Thursday, July 14, 2022

"Together is Timeless"


     A writer trusts his gut. She listens to her in-the-moment instinct. Use this word but not that one. Jump at that topic while avoiding another. You need a sense of what fits, what doesn't, what's right, what wrong.
     So I'm sitting in the car on Wabash Avenue, just north of Cermak Road, waiting for my younger son to come down so we can go to dinner in Chinatown. And I look across the street and see this billboard for Fannie May candies. And think, "Bleh." Then take a picture to document the marvel, to make sure I'm not hallucinating. To check that this isn't some errant, one-off billboard test.
     It isn't. A big branding campaign, launched last Christmas.
     "Together is Timeless."
     Tell me I'm wrong. Tell me I'm overreacting by even remarking upon its meh-ness. I'm not their target audience. To me, Fannie May candy is barely worth eating, like Hershey's milk chocolate. A palpable substitute for actual candy if nothing better is at hand. A form of pica, only using confectionary instead of plaster of paris.
     I tried to think of how to illustrate its wrongness, and the first phrase I thought of is Sartre's "Hell is other people." The problem must be the word "timeless." It's not an adjective that evokes anything, especially not chocolate.

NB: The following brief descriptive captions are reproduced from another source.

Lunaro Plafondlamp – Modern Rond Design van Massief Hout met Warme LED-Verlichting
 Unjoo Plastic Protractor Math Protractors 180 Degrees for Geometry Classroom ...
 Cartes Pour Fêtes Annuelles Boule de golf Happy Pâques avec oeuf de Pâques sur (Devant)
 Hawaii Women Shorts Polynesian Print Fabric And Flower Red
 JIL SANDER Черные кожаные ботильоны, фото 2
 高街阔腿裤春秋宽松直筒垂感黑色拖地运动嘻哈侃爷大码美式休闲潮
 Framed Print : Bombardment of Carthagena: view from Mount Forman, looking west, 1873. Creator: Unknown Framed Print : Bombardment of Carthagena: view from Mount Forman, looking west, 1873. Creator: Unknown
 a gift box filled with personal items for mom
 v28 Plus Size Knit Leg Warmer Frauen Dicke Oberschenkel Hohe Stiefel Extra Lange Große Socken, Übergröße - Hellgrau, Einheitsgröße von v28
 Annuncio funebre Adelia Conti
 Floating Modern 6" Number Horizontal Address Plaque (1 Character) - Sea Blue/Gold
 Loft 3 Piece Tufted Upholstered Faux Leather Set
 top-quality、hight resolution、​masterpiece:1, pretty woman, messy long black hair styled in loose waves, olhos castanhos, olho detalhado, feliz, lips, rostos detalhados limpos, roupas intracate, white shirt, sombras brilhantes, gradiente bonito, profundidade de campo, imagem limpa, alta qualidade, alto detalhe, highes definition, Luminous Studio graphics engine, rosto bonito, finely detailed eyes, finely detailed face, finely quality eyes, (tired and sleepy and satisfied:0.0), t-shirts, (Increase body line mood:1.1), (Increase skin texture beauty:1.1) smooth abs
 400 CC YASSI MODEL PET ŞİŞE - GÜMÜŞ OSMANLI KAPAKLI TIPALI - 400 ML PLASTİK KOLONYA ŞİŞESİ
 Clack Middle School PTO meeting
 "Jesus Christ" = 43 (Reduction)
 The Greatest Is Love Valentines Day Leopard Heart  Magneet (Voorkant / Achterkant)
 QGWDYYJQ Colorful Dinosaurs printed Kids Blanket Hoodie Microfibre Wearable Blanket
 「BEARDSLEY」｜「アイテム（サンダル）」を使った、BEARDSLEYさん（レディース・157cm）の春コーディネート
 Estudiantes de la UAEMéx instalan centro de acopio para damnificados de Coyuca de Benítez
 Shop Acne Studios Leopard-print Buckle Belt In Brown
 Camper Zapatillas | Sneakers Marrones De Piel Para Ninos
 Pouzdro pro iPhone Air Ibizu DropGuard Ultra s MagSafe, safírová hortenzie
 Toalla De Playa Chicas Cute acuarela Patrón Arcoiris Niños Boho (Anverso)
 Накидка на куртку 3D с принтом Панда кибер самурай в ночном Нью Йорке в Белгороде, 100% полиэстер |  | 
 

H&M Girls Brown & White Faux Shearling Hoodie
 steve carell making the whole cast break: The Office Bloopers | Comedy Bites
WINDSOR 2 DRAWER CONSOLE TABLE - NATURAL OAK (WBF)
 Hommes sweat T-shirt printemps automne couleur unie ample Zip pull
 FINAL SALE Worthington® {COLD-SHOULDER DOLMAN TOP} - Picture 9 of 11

The slogan is close in meaning to "Together is an Eternity," which doesn't sound like a situation you want to enter willingly. "Timeless" is such a tired bit of boosterism. "This heirloom plate from the Franklin Mint will become a timeless treasure your family will cherish for generations..."
     I wondered what Fannie May, based in Chicago, thought it was doing, and am glad that Candy & Snack Today did the heavy lifting for me, reaching out to Ferraro Group's Fannie May Confection Brands Inc.
     “Together Is Timeless showcases how Fannie May takes classic ingredients like caramel, pecans, grahams, marshmallows and chocolate, and brings them together to create something greater than the sum of their parts. Just like the memories that are made while celebrating with loved ones,” Kari Fisch, senior brand manager at Fannie May told the publication. “We are very excited to unveil our new campaign and look forward to becoming a staple of family celebrations nationwide for decades to come.”
     They pay people for that. (And what's a "graham"? Perhaps the word you use when you can't call an ingredient a "graham cracker" for legal reasons. Did you ever in your life say, "I'd like a graham"? Me neither). 
     We are in such a blizzard of communication, a 24-hour wordstorm as big as the Crab Nebula. So if you are going to coin a phrase, buy billboards, you jolly well...
     Enough. Anyone who gets it understood at first glance, and if they haven't, they never will.
     I'd be reluctant to jump on somebody's brain child — I'm tempted to go into LinkedIn and find someone claiming "Together is Timeless" on their resume — except that not caring is how these things are flung at the public in the first place. Nobody is going to cry into their pillow over this.
     I try not to criticize a headline without coming up with a better one and that holds true for commercial catchphrases. A superior slogan can be concocted in the time it takes me to type the words. "Together is Timeless." Hmmm... Drop the "Timeless" as pejorative, keep "Together" as something that sounds halfway appealing. Remembering this is candy. How about "Sweeter Together?" Maybe they tried that and "sweet" didn't test well: implies calories. "Savor Together," with an echo of "Safer Together" which is on everybody's mind nowadays. Or "Choose Together" since Fannie May are famous for their big assortments where you pick the ones you can best stomach. No, abortion rights killed off the concept of choice, at least for timorous marketers. 
     I'd stick with my first idea, "Sweeter Together." It's candy. It's supposed to be a little sweet or, in the case of Fannie May, way too sweet. If you're going to take Vienna, take Vienna. If you're a candy company, be sweet, or "Together is Sweetness."




14 comments:

  1. I won’t attempt to defend the billboard, but I’m not afraid to state that I like Fannie May Candy. “Way too sweet” is in the eye (mouth?) of the beholder.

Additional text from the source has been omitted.